BEGIN SUPPLIED DATA
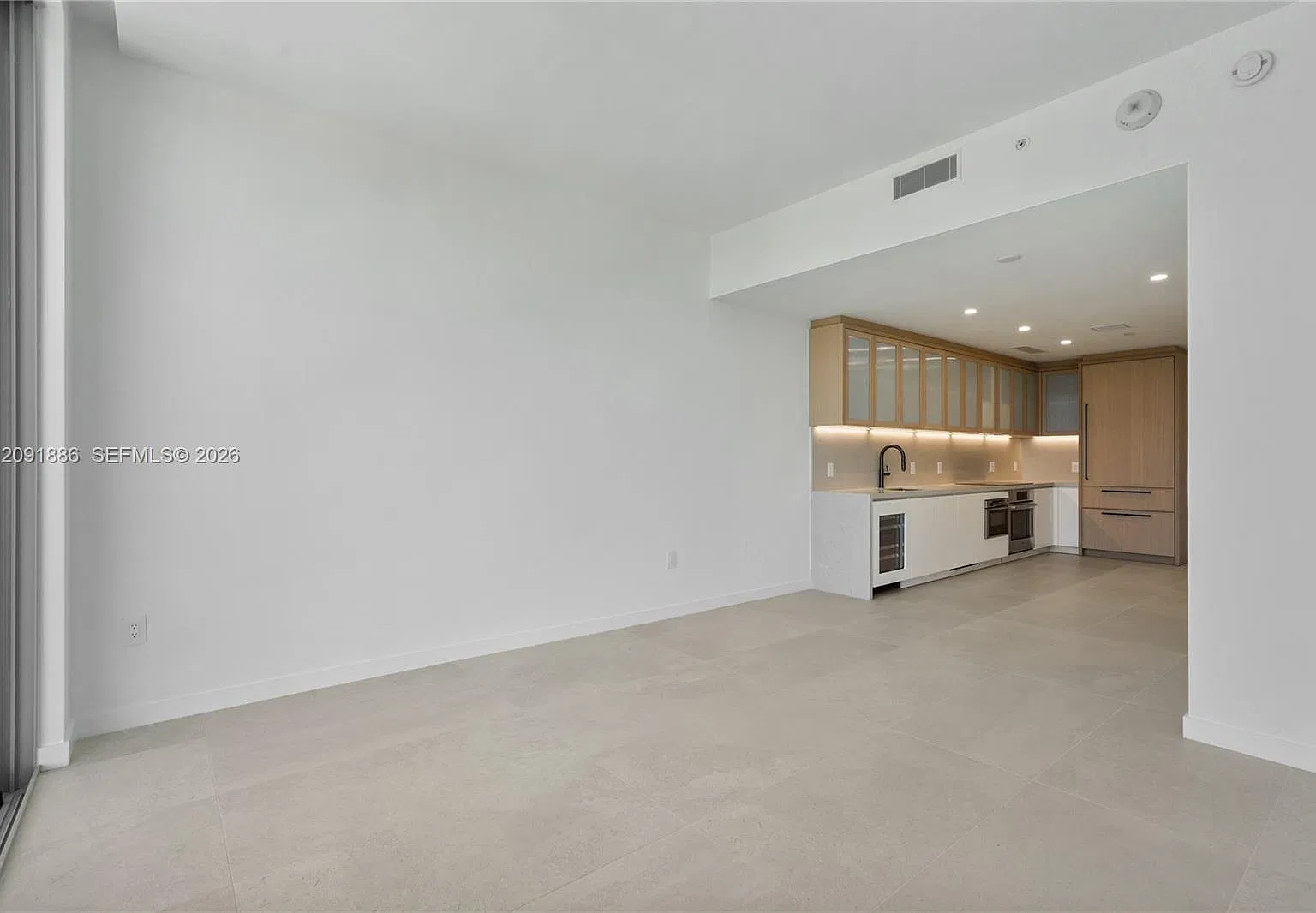 2200 Brickell — Photo 4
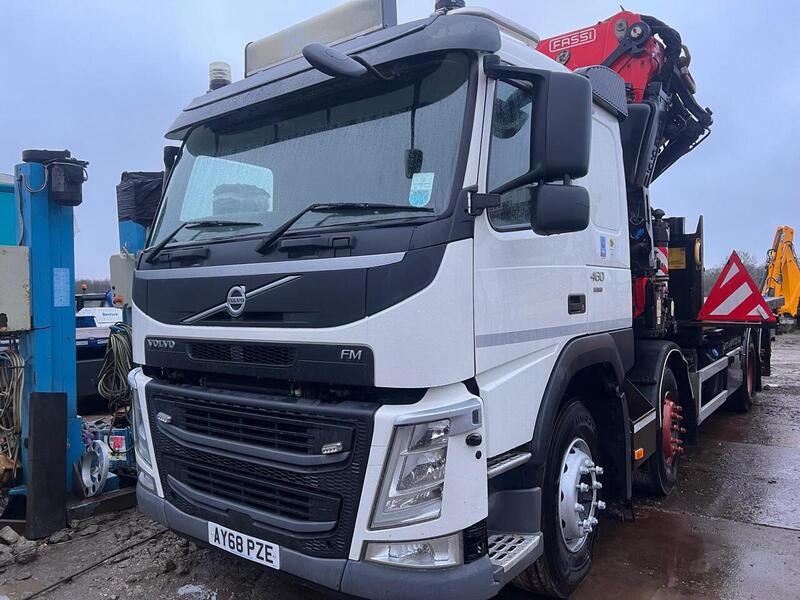 Volvo 460 Fitted with Fassi F660 6 Extension Crane 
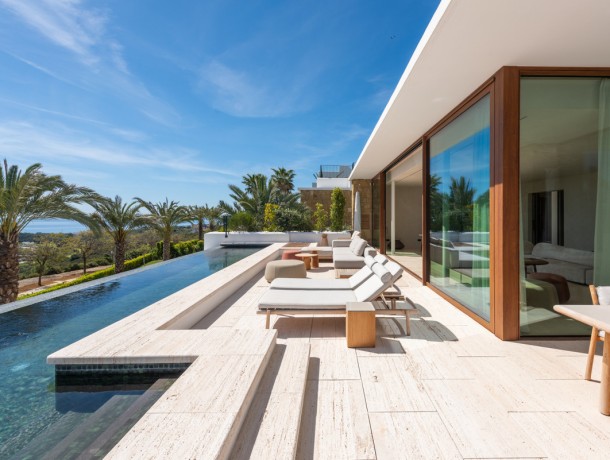Apartment for sale in Casares Playa, Marbella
END SUPPLIED DATA
**PROMPT:**
Write the listing out exactly, word for word, but omit the pictures.

**EXERCISE ANSWER:**
 2200 Brickell — Photo 4
 Volvo 460 Fitted with Fassi F660 6 Extension Crane 
Apartment for sale in Casares Playa, Marbella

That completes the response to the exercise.